FEATURES AND REGULARITIES OF THE IMPACT OF TAX AVOIDANCE/EVASION SCHEMES ON THE GLOBAL FINANCIAL SYSTEM
DOI:
https://doi.org/10.15330/apred.1.21.451-462Keywords:
tax evasion/avoidance, transfer pricing, financial system, tax burden, taxation system, shadow economyAbstract
The aim of this study is to examine the regularities of the impact of tax avoidance and evasion schemes on the financial systems of countries within the global economic environment. The research employs methods such as analysis and synthesis to generalize approaches to defining tax avoidance/evasion, identifying their forms, characteristics, and consequences; comparative analysis of international practices; and classification of tax avoidance/evasion schemes. The article explores the essential features of modern tax avoidance/evasion schemes, the mechanisms of their implementation, and international experience in counteracting them.
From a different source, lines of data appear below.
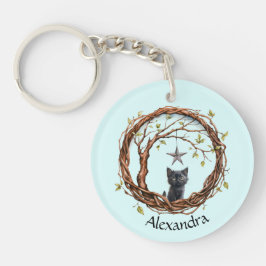 Llavero Un gatito negro lindo mirando una estrella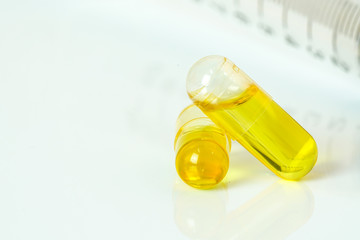 Olive capsules and syringe  with white background.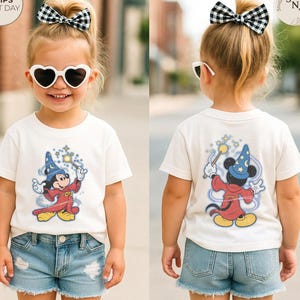 Op de afbeelding: Een kind draagt een wit t-shirt met een cartoonafbeelding van Mickey Mouse als tovenaar. Mickey, met een tovenaarsmuts, houdt een toverstaf vast. Het kind draagt ook een spijkerbroekshort en hartvormige zonnebrillen.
It analyzes their classification types, preconditions, models of implementation, and evolutionary traits. The study also models the patterns of influence that tax avoidance/evasion schemes have on the capacity of national financial systems within the global economic context. Based on the research findings, it was concluded that accumulated and paid taxes represent, for the state, resources through which it can ensure its functioning, maintain the social sphere, finance defense, infrastructure, etc. However, from the perspective of taxpayers, taxes essentially constitute a loss of resources that could otherwise be consumed by each individual according to their own needs. It is noted that the spread and intensification of such schemes significantly transform the curve of financial resources by substantially reducing state budget revenues, while the level of maximum profit remains unchanged. Depending on the nature of a country's fiscal policy, the negative effects of tax evasion/avoidance schemes may vary. For countries with high social spending, the loss of revenues will be especially noticeable, while the income growth of other economic agents will be significant. In light of this, the authors suggest that an effective way to optimize a wide range of tax avoidance/evasion schemes could be to deepen fiscal cooperation between countries, particularly in exchanging asset declaration data and introducing a global mechanism for indirect taxation—especially on high-value and luxury goods. These measures would contribute to financial system stability and a fairer distribution of income, although their implementation is extremely challenging due to resistance from elites who benefit from such schemes.